◆ ABOUT THIS TASK
Every line below from the one containing "Basket Clematis Tangutica" through the one containing "Imagem Imóvel com" must be transcribed exactly. Omit all lines outside that stretch.

◆ MATERIAL PROVIDED
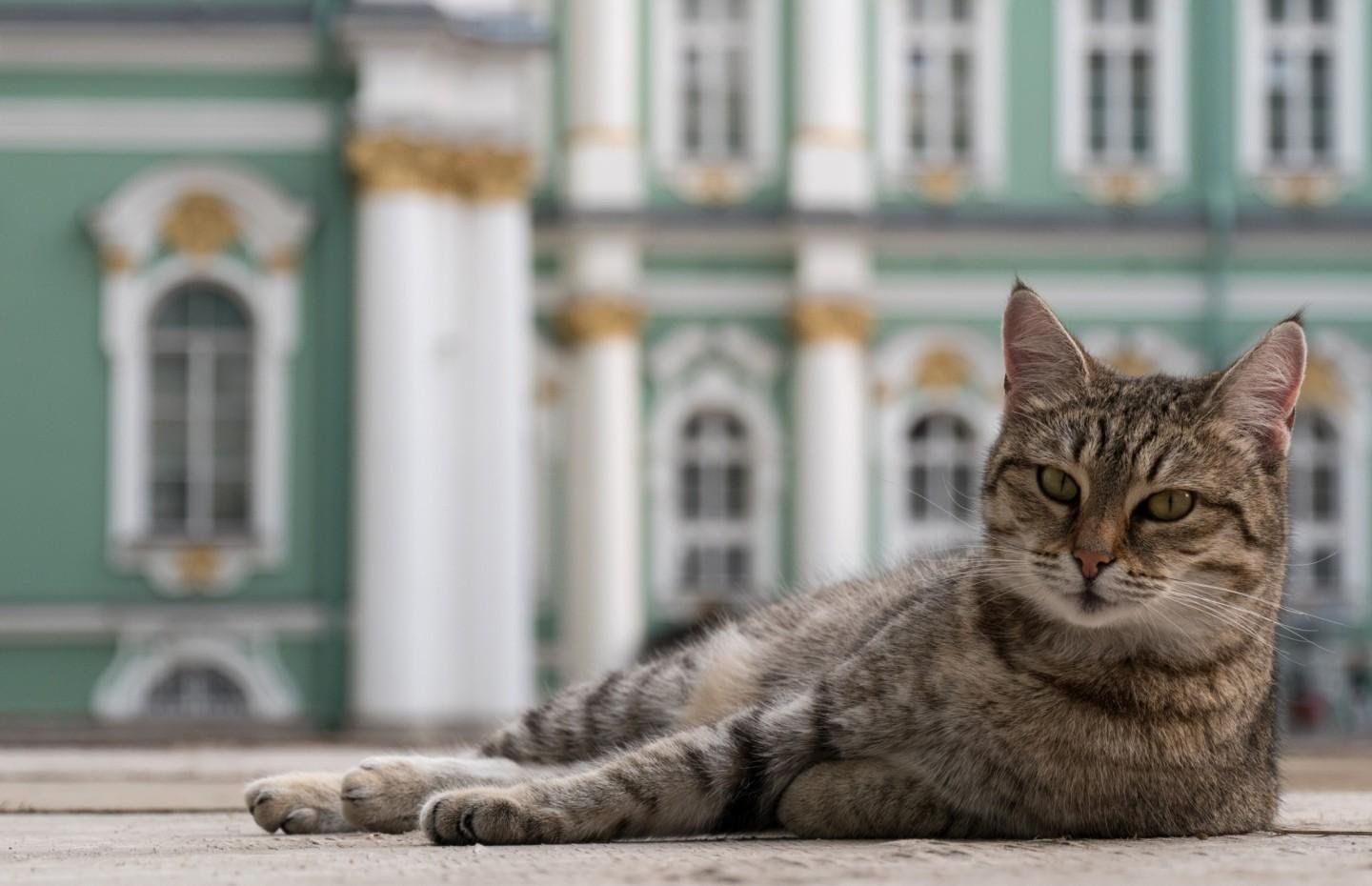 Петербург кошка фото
==
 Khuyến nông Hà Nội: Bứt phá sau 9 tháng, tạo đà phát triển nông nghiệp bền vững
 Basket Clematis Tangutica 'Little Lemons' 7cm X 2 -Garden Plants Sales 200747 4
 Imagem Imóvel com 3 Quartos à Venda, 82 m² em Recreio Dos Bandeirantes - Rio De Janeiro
* * *
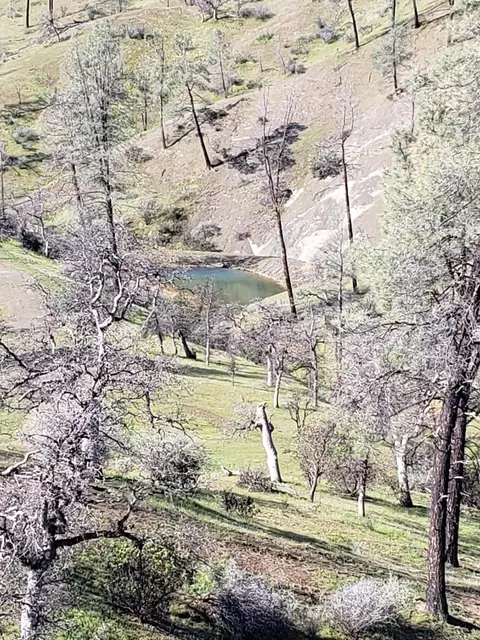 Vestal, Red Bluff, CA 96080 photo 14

◆ RESPONSE AREA
 Basket Clematis Tangutica 'Little Lemons' 7cm X 2 -Garden Plants Sales 200747 4
 Imagem Imóvel com 3 Quartos à Venda, 82 m² em Recreio Dos Bandeirantes - Rio De Janeiro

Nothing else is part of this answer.